Menzies council resumes legal action against man in caravan ‘unfit for human occupation’
Legal action against a West Australian man who has been in a standoff with his local council for five years has resumed three months after it was deemed “not reasonable” to pursue during the coronavirus pandemic.
- Roland Gopel has twice been convicted of illegal camping
- Menzies council has resumed legal action, which was on hold due to the pandemic
- Mr Gopel says he would be homeless without the caravan
Roland Gopel has lived off the grid in a caravan on property he owns on the outskirts of Menzies in the northern Goldfields since 2015.
But his dilapidated property and caravan continue to fall foul of local government regulations, with two previous convictions for illegal camping.
The 61-year-old found himself back in hot water with the Shire of Menzies last year after building a shade structure over his caravan without a permit.
The steel-framed structure sheltered the leaky caravan from scorching summer temperatures of close to 50 degrees Celsius.
It collapsed during heavy winds but Mr Gopel was adamant he would rebuild, despite potential fines of up to $50,000 for breaching the Building Act.
Mr Gopel says the shade structure took a month to erect and 10 seconds for a willy-willy to knock down.(ABC News: Rhiannon Stevens)
The Shire of Menzies engaged a Perth legal firm in February, but put the action on hold in April amid the coronavirus crisis.
“It was determined that serving the building order just as the emergency management provisions were being implemented due to COVID-19 was not a reasonable thing to do at that time,” environmental health officer David Hadden wrote in a July 30 report to council.
But McLeods Barristers and Solicitors, acting on the council’s behalf, issued Mr Gopel a building order on July 2 to demolish the shade structure and remove the caravan from the property within 30 days.
Stand-off set to continue
Mr Gopel said he would not comply with the order, and said that he had not opened the envelope delivered by council staff.
“The bullies keep pushing and pushing and they will not stop unless more people like me stand up to them,” he said.
Roland Gopel has installed his own solar power system, water tanks and internet.(ABC Goldfields: Jarrod Lucas)
He said he had nowhere else to go, calling the council hypocritical for delaying the legal action.

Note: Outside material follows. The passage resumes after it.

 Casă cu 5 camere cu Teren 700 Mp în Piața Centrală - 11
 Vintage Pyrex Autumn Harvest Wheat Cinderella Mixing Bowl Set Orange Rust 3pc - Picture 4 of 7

“One minute they tell me I can stay here, and the next they tell me I must not stay here,” Mr Gopel said.
“It’s the only home I have … if I didn’t have this, I would be homeless.
“What is council saying? It’s mandatory for me to be homeless?”
Caravan ‘unfit’ for human occupation
In a letter to the council, McLeods Barristers and Solicitors said the caravan appeared to be falling apart, with one of its walls having become detached.
The firm described the caravan as “unfit for human occupation”.
Shire of Menzies president Greg Dwyer admitted the legal action would be costly, but said the council had no choice but to enforce local government regulations.
“We’re caught between a rock and a hard place,” he said.
“We have been delegated through the State Government to progress certain regulations, the building code and so forth.
“We just have to progress the law.”
Menzies is more than 700 kilometres north-east of Perth.(ABC Goldfields: Jarrod Lucas)
Round three of legal fight
The shire’s two previous legal battles with Mr Gopel were over breaches of the state’s Caravan Parks and Camping Ground Act 1995.
In August 2017, Mr Gopel was fined $1,000 and ordered to pay $1,745.50 in court costs.
Less than a year later, in March 2018, he was fined $1,000 and ordered to pay $3,000 in costs.
Mr Gopel has refused to pay the fines, while his financial situation has become more dire since he refuses to be part of the Federal Government’s cashless debit card trial for welfare recipients in the Goldfields.
He has been unable to pay his council rates and is concerned the shire may try to seize his land as well.
“It’s hard to pay your rates when you’re getting $20 a week to live on,” he said.
Greg Dwyer admits the legal action will be costly.(Supplied: Shire of Menzies)
Mr Dwyer said Mr Gopel’s refusal to pay fines or comply with any direction of the council or courts could lead to a scenario that ended badly for the grey nomad.
“Maybe eventually he goes to jail over non-payment of fines,” Mr Dwyer said.
“It’s a terrible situation in the long run, but Mr Gopel is sticking to his guns on that.
“I suppose time will tell where it all ends up.”